## EXERCISE OBJECTIVE
Retype the data below exactly; skip every image.

## DATA SEGMENT
"""
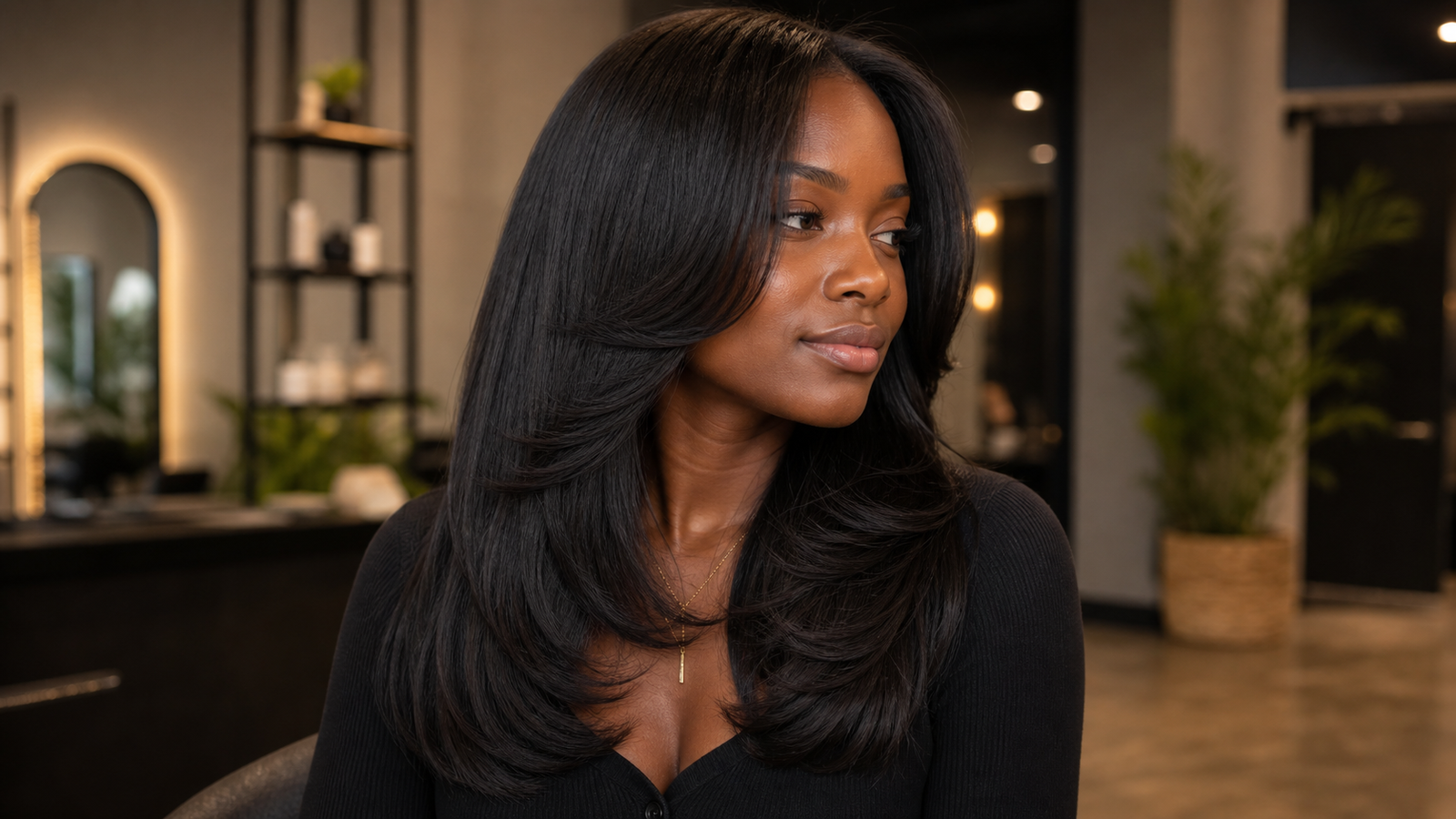 Butterfly cut layered haircut with short voluminous top and long blended ends.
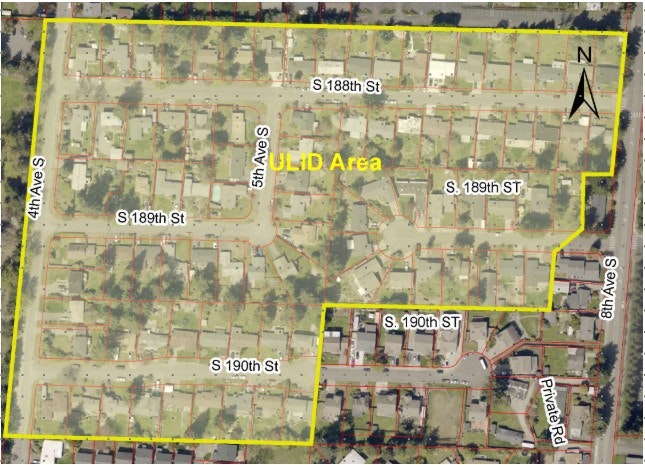 Aerial map showing a residential area labeled "ULID Area" with streets and a boundary highlighted in yellow.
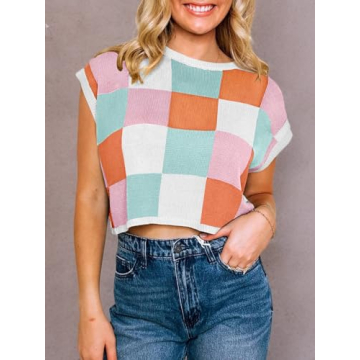 Saodimallsu Women’s Summer Color Block Crop Top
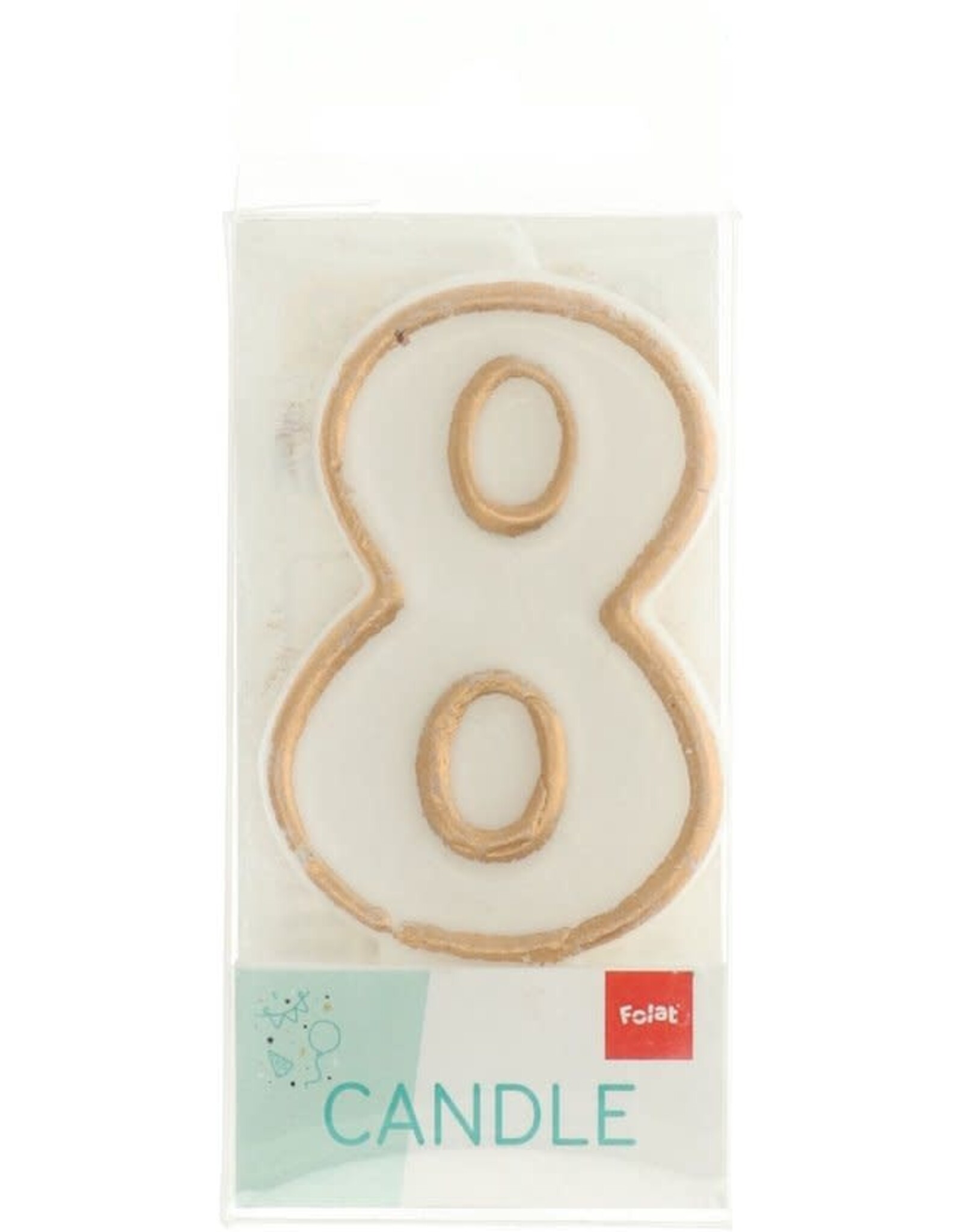 FOLAT Folat Original - Kaars cijfer 8 simply chique gold 9 cm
"""
## ANSWER BOX
 Butterfly cut layered haircut with short voluminous top and long blended ends.
 Aerial map showing a residential area labeled "ULID Area" with streets and a boundary highlighted in yellow.
 Saodimallsu Women’s Summer Color Block Crop Top
 FOLAT Folat Original - Kaars cijfer 8 simply chique gold 9 cm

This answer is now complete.